▸ TRY IT:
Copy out the records in full, word for word, without pictures.
..............................
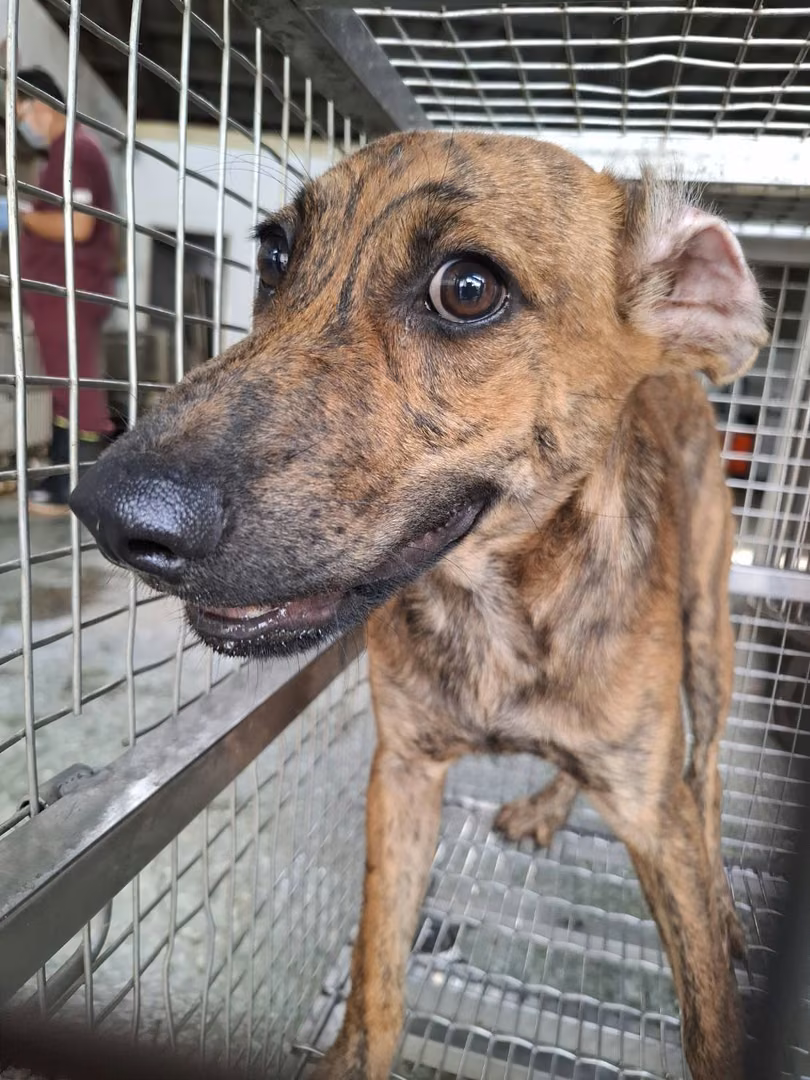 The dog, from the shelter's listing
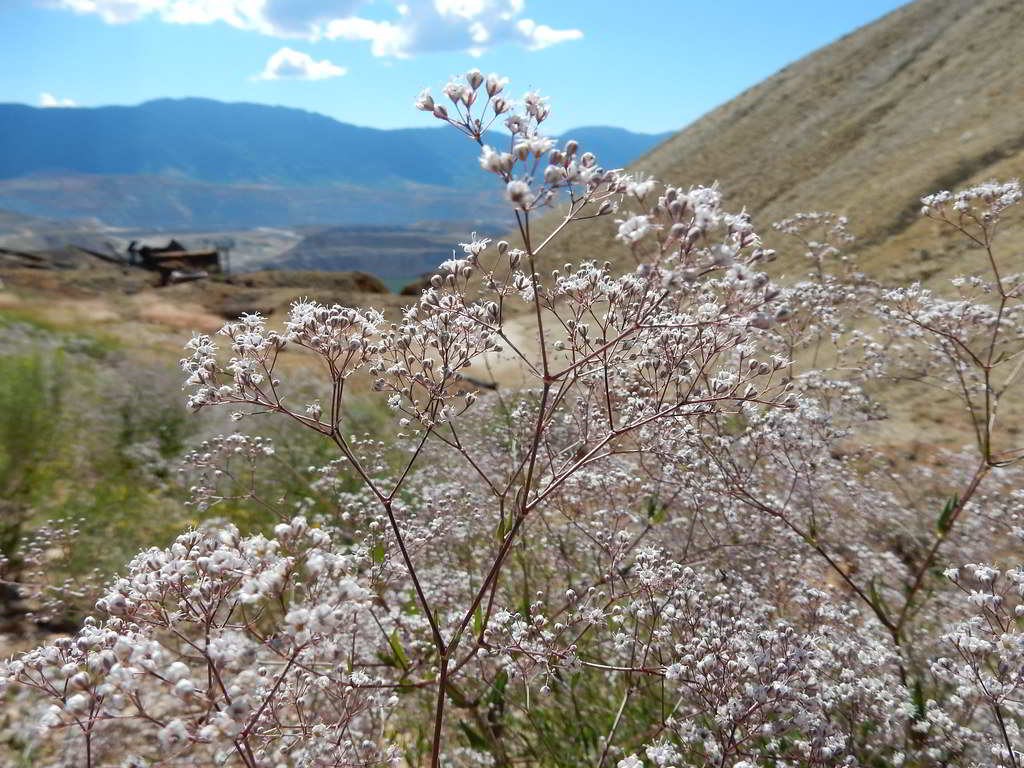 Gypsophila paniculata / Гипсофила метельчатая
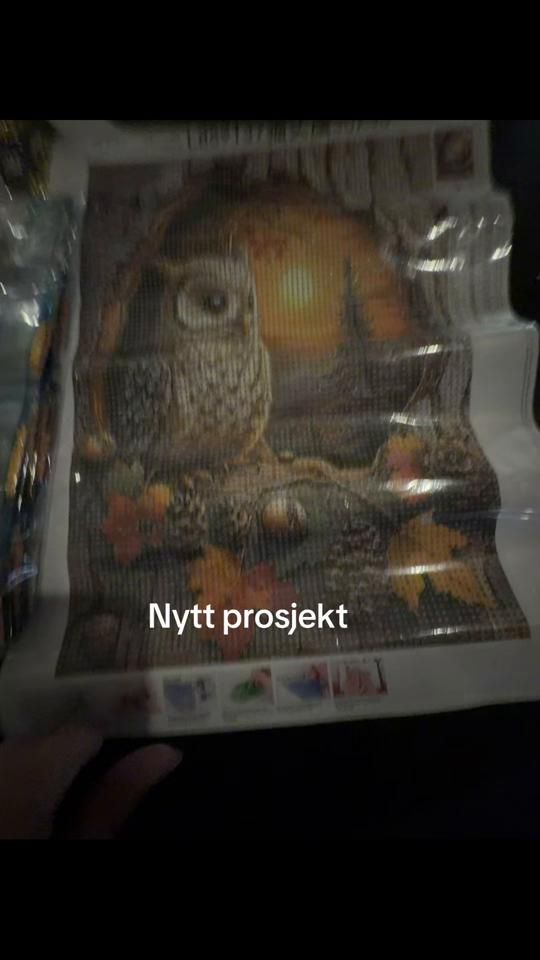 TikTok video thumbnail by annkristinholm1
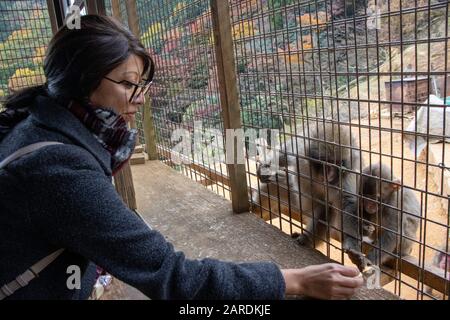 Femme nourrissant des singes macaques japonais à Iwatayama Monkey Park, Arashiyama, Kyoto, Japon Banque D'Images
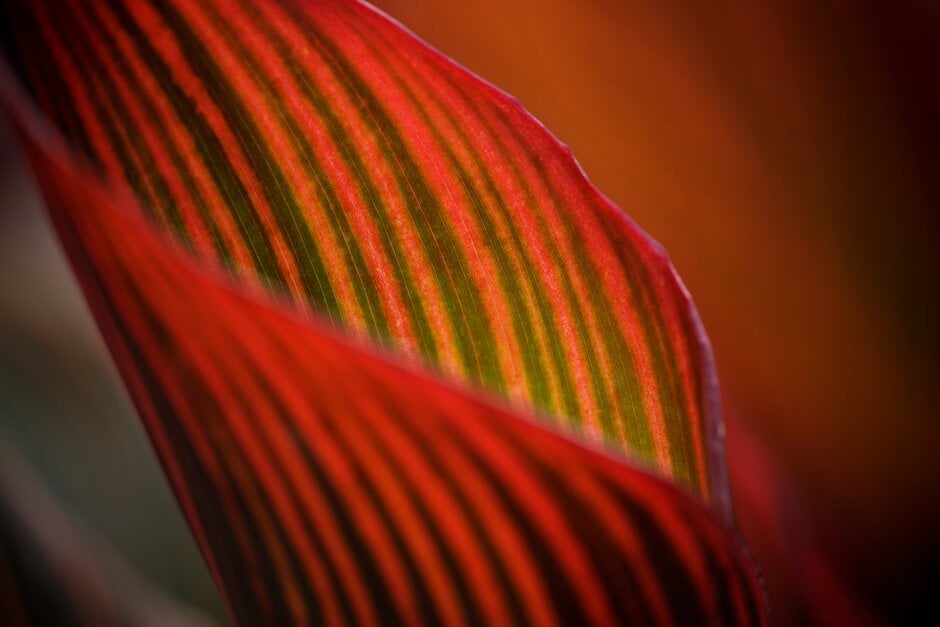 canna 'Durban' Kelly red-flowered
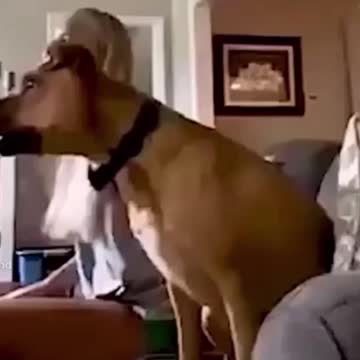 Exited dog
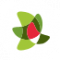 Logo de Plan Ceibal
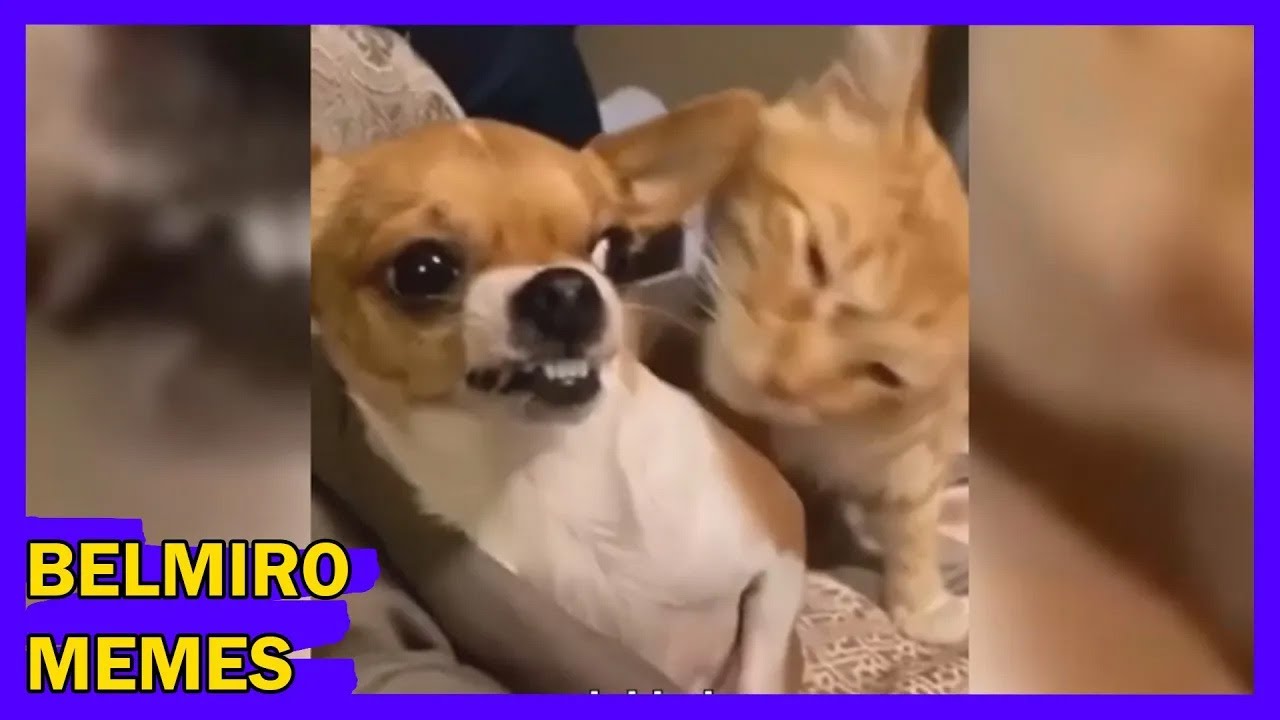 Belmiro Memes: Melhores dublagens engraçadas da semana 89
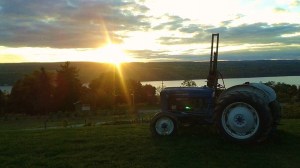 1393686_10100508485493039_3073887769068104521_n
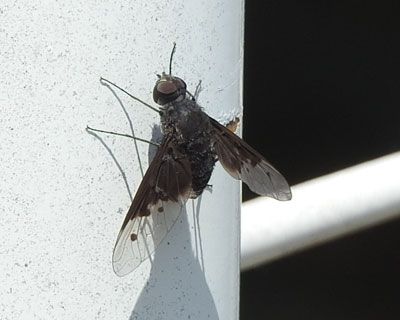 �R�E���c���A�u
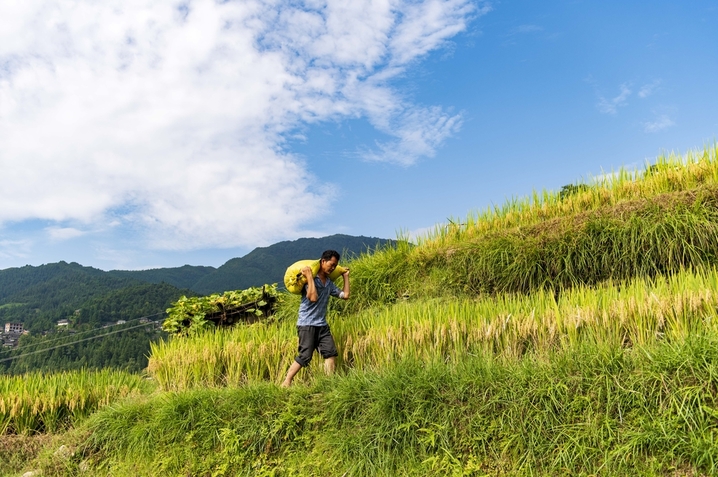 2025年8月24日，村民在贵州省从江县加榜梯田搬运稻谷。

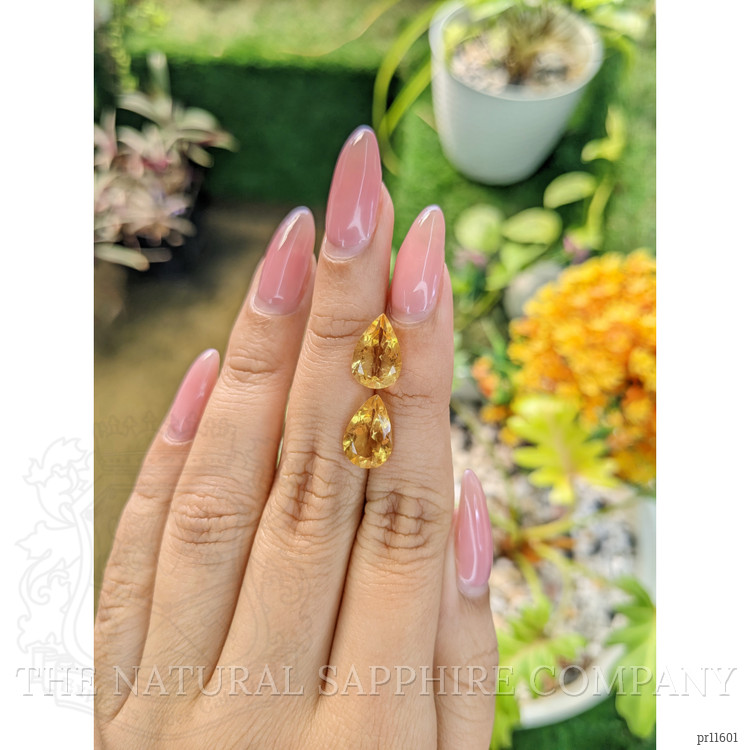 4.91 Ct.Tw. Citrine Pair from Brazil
..............................
▸ RESULT OF THE TASK:
 The dog, from the shelter's listing
 Gypsophila paniculata / Гипсофила метельчатая
 TikTok video thumbnail by annkristinholm1
 Femme nourrissant des singes macaques japonais à Iwatayama Monkey Park, Arashiyama, Kyoto, Japon Banque D'Images
 canna 'Durban' Kelly red-flowered
 Exited dog
 Logo de Plan Ceibal
 Belmiro Memes: Melhores dublagens engraçadas da semana 89
 1393686_10100508485493039_3073887769068104521_n
 �R�E���c���A�u
 2025年8月24日，村民在贵州省从江县加榜梯田搬运稻谷。

 4.91 Ct.Tw. Citrine Pair from Brazil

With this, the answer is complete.